Thank you for your frequent letters; you are the only correspondent and, I might add, the only friend I have in the world. I go nowhere, and have no acquaintance. Slow of speech and reserved of manners, no one seeks or cares for my society, and I am left alone. Austin calls only occasionally, as though it were a duty rather, and seldom stays ten minutes. Then judge how thankful I am for your letters! Do not, however, burden yourself with the correspondence. I trouble you again so soon only in obedience to your injunctions. Complaints apart, proceed we to our task. I am called away to tea,—thence must wait upon my brother; so must delay till to-morrow. Farewell!—Wednesday.

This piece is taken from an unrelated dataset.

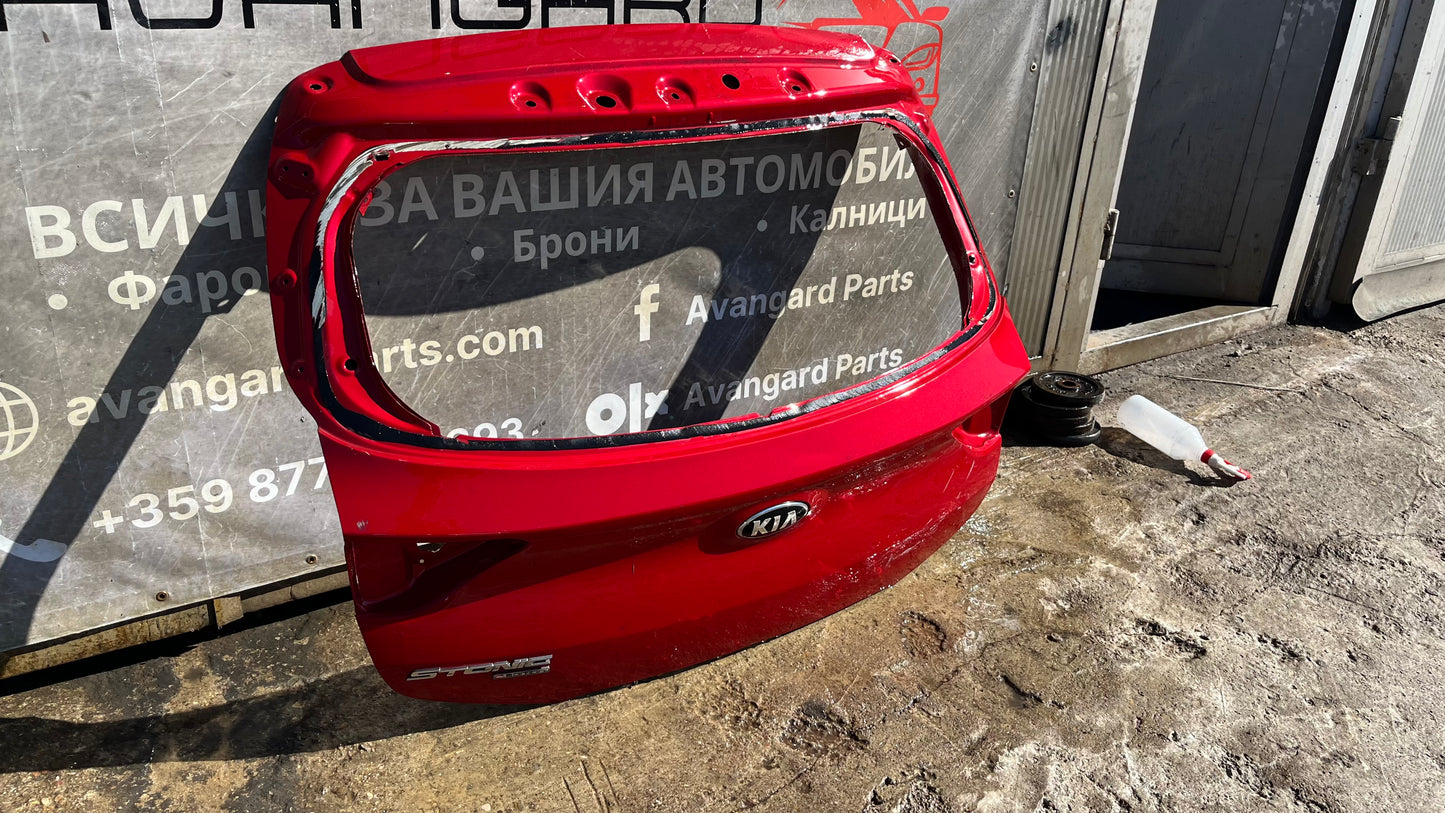 Багажна врата Kia Stonic 2017-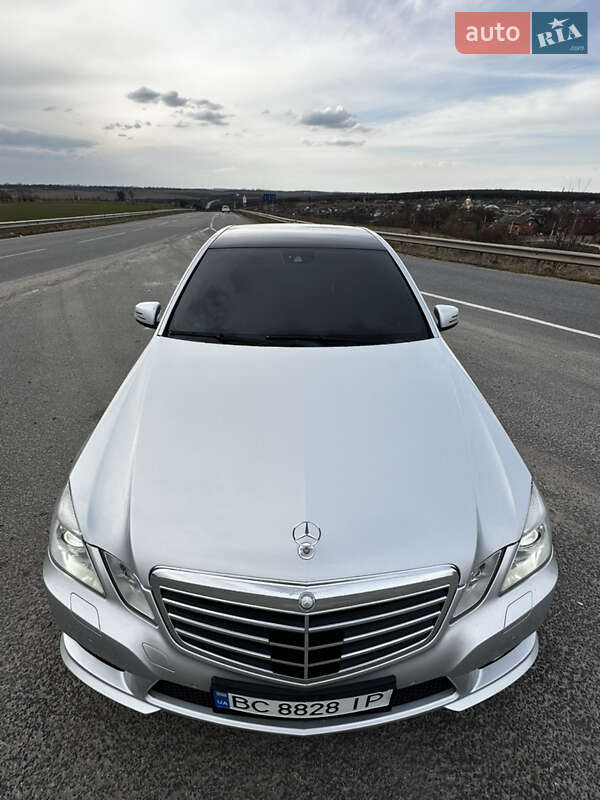 Седан Mercedes-Benz E-Class 2010 в Бучачі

Thursday.—I will first notice what is new to me. Thirteenth page: "The thrilling tones that concentrate the soul" is a nervous line, and the six first lines of page 14 are very pretty, the twenty-first effusion a perfect thing. That in the manner of Spenser is very sweet, particularly at the close; the thirty-fifth effusion is most exquisite,—that line in particular, "And, tranquil, muse upon tranquillity." It is the very reflex pleasure that distinguishes the tranquillity of a thinking being from that of a shepherd,—a modern one I would be understood to mean,—a Damoetas; one that keeps other people's sheep. Certainly, Coleridge, your letter from Shurton Bars has less merit than most things in your volume; personally it may chime in best with your own feelings, and therefore you love it best. It has, however, great merit. In your fourth epistle that is an exquisite paragraph, and fancy-full, of "A stream there is which rolls in lazy flow," etc. "Murmurs sweet undersong 'mid jasmin bowers" is a sweet line, and so are the three next. The concluding simile is far-fetched; "tempest-honored" is a quaintish phrase.
Yours is a poetical family. I was much surprised and pleased to see the signature of Sara to that elegant composition, the fifth epistle. I dare not criticise the "Religious Musings;" I like not to select any part, where all is excellent. I can only admire, and thank you for it in the name of a Christian, as well as a lover of good poetry; only let me ask, is not that thought and those words in Young, "stands in the sun,"—or is it only such as Young, in one of his better moments, might have writ?
"Believe thou, O my soul,
Life is a vision shadowy of Truth;
And vice, and anguish, and the wormy grave,
Shapes of a dream!"
I thank you for these lines in the name of a necessarian, and for what follows in next paragraph, in the name of a child of fancy. After all, you cannot nor ever will write anything with which I shall be so delighted as what I have heard yourself repeat. You came to town, and I saw you at a time when your heart was yet bleeding with recent wounds. Like yourself, I was sore galled with disappointed hope; you had
"Many an holy lay
That, mourning, soothed the mourner on his way."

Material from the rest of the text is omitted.